If you have kept up with any of my book reviews over the years, then you might know that I enjoy a good World War II novel. While I am most certainly glad that I was not alive at the time, I find this period fascinating in that you can clearly see both the worst as well as the best humanity had to offer. This was a time period that truly tested one's mettle. This was a time of great heroes and terrible villains. And if you like a little action in your entertainment, war certainly offers plenty of it.

Thus, as an armchair war buff, I had high hopes when I picked up Gordon Zuckerman's The Sentinels: Fortunes of War. From the promotional material I could see that this book would be approaching the war more from a financial perspective vs. an ideological one. The book opens in 1932 with a group of highly influential and extremely wealthy German businessmen who believe that supporting Hitler's rise to power will gain them more control in the government, which will naturally lead to more wealth for them. Money buys power. Power acquires money.

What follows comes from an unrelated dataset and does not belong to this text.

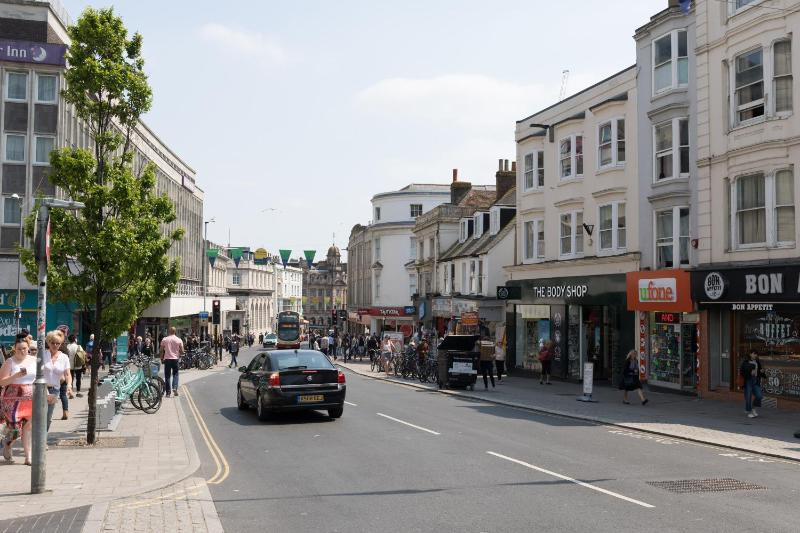 Central Portland Street with FREE Parking - image 22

By the late 1930s, a group of students at the University of California in Berkley are working on their doctoral thesis that posits the idea that empires rise and fall around something they call "The Power Cycle." The seven steps of this process have been shown to repeat throughout history. Based on their research, these six students believe Germany will soon plunge the world into another war. These students hail from banking and business families from countries around the globe including China, Italy, England, France, Switzerland and the United States.

The main two personas from this group include the French Jacques Roth and Swiss Claudine Demaureux, whose families are both in banking. When the war is at its zenith and the German businessmen can see the writing on the wall, they decide it is in their best interest to get their wealth out of the country while they can. Their connections lead them to the Sentinels, who cleverly determine a way to tie up their money such that they can't use it for evil purposes again in the future. Here is where the novel turns more in to a series of chase scenes with the war as a backdrop as the bad guys come after the good ones to retrieve what is theirs. If you want to find out what happens to the money (which is quite ingenious), you will have to read the book as I won't be leaving a spoiler here.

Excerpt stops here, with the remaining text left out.